[SIL] Deconstructing partial_apply

Last week, I put some effort into trying to reduce the power of SIL's infamous partial_apply instruction. The instruction was intended to make representation and optimization of closures easy by avoiding concretization of the closure type and layout, but in practice, the complexity of dealing with ARC and the differing ownership needs for closure objects vs normal function arguments makes the abstraction unwieldy to understand and work with. As we look into adding new features that rely on static analysis and optimization of SIL, such as the borrow model, partial_apply is going to be a continuing drag on development. I have a work-in-progress branch to make SILGen generate at least some closures by explicit box allocation and initialization:

https://github.com/apple/swift/pull/4565

My idea is to get to a point where all partial_apply does is bind the thin invocation function to its context object to build the "thick" function value.

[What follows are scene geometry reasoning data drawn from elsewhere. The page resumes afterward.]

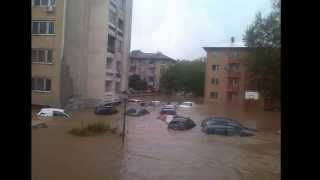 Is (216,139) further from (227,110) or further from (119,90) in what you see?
(119,90)

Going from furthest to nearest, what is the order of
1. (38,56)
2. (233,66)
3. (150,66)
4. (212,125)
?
(212,125) < (233,66) < (150,66) < (38,56)

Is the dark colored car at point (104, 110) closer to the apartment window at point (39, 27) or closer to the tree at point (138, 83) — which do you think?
the tree at point (138, 83)

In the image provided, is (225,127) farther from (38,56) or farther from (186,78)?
(38,56)

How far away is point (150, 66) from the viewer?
2.02 m

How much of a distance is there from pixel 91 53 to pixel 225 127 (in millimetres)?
1796

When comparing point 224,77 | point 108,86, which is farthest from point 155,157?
point 224,77

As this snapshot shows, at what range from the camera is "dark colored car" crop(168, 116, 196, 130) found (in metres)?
3.62

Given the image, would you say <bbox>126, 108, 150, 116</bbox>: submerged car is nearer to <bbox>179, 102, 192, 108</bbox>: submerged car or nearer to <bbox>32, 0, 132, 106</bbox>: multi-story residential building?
<bbox>32, 0, 132, 106</bbox>: multi-story residential building

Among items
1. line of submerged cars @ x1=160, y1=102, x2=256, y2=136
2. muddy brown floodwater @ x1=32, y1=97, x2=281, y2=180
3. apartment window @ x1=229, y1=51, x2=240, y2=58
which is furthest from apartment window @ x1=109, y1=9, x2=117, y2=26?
muddy brown floodwater @ x1=32, y1=97, x2=281, y2=180

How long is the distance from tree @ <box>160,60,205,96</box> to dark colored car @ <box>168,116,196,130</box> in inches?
55.5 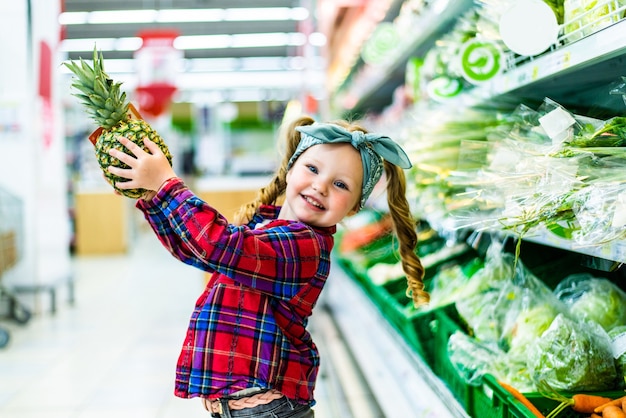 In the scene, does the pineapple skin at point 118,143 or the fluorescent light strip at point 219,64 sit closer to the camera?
the pineapple skin at point 118,143

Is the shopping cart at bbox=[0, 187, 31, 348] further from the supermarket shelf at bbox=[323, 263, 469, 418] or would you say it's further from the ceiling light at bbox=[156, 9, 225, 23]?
the ceiling light at bbox=[156, 9, 225, 23]

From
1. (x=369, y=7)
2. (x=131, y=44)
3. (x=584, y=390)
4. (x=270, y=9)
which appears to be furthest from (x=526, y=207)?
(x=131, y=44)

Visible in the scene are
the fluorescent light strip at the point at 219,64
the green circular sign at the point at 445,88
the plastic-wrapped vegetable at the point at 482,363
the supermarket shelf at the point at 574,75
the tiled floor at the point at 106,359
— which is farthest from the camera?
the fluorescent light strip at the point at 219,64

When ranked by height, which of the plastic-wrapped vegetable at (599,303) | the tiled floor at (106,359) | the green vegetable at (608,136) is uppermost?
the green vegetable at (608,136)

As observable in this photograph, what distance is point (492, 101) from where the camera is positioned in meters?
2.26

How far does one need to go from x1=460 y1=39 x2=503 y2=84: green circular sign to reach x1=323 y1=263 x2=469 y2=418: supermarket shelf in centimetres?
96

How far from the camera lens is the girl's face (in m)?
1.35

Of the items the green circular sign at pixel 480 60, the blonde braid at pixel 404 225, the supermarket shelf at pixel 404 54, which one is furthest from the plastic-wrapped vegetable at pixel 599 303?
the supermarket shelf at pixel 404 54

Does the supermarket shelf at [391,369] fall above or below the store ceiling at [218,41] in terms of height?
below

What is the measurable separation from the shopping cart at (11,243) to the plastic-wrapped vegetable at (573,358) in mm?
3832

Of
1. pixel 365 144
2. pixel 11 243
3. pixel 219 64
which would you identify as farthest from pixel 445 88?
pixel 219 64

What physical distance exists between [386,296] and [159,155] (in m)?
1.72

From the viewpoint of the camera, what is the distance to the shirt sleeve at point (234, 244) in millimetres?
1176

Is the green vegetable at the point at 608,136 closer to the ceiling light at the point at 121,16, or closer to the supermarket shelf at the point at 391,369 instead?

I'm using the existing infrastructure for @box types in SIL to represent a closure allocation, using tuples to aggregate multiple captures. This is enough to get a start on the project, but there a few limitations and inefficiencies to this approach, and I wanted some feedback on how to tackle these problems:

(A) Aggregating contexts as tuples imposes some unnecessary abstraction limitations on capture layout, and would potentially force otherwise unnecessary metadata instantiation for tuple types. Tuples need to tolerate potentially being accessed as fully generic (T, U, V) types (and possibly variadic (T...) types, should we add variadics in the future), which limits the layout optimizations we can potentially do with them. Closure contexts don't need to support generic abstraction, since the details of layout only need to be known by the closure's invocation function and its enclosing scope, so we should have full freedom for layout optimization like we have with structs and classes.
(B) Boxed tuples can't represent captured type information for forming closures in generic contexts. Closure contexts need to be able to provide type metadata to the invocation function for execution of generic code and layout of the context object itself.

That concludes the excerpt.